*** Begin section ***

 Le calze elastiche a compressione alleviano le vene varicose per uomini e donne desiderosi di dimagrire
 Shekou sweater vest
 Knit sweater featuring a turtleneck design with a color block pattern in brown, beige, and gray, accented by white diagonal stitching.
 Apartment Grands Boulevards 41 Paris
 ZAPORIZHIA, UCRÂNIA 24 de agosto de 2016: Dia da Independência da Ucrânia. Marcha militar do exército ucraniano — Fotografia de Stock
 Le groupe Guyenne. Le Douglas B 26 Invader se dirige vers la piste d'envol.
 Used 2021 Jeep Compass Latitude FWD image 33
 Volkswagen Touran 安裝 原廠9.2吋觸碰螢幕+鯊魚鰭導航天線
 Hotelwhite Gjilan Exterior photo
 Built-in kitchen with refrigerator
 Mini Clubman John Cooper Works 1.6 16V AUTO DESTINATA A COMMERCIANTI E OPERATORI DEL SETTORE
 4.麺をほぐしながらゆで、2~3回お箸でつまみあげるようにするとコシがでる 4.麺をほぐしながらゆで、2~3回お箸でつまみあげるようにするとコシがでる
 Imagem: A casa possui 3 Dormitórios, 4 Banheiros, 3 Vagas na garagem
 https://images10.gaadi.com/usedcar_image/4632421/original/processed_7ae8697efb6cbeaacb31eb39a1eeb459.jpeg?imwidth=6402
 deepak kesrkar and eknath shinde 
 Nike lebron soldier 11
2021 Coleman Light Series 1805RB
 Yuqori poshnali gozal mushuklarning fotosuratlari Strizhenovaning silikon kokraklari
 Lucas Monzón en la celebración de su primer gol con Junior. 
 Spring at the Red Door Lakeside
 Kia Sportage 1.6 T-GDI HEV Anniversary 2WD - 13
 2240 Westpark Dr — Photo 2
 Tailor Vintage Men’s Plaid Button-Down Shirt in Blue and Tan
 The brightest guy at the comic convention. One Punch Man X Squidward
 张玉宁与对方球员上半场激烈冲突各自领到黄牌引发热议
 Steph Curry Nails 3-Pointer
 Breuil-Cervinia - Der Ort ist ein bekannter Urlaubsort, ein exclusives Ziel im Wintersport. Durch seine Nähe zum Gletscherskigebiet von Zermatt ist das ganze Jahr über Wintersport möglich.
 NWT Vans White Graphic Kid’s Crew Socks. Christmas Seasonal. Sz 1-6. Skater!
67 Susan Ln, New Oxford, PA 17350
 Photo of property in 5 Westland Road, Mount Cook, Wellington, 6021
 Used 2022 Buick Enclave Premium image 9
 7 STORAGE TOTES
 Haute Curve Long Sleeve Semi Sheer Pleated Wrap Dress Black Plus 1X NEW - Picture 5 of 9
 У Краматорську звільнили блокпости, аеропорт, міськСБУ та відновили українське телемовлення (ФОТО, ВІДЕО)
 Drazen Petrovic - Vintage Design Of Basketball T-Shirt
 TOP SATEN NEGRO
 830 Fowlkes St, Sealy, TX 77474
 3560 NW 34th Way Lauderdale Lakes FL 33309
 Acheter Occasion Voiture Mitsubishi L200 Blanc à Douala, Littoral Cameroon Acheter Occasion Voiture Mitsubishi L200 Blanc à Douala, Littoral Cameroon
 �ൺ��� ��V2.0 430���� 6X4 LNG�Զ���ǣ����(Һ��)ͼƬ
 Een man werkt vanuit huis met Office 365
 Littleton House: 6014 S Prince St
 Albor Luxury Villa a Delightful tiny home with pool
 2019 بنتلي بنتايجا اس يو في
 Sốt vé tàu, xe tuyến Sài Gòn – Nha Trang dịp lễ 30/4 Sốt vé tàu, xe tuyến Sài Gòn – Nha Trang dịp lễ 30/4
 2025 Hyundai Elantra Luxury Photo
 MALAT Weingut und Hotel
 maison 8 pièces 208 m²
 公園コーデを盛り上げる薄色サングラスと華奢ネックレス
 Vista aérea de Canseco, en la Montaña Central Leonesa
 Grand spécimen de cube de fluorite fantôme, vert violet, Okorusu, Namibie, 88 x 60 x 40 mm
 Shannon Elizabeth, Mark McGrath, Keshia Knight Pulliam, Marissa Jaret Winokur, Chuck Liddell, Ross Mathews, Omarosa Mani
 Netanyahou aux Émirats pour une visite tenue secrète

*** End section ***

Work required: Look through the entries and return every line where "Vintage" appears.

Result of the exercise:
 Tailor Vintage Men’s Plaid Button-Down Shirt in Blue and Tan
 Drazen Petrovic - Vintage Design Of Basketball T-Shirt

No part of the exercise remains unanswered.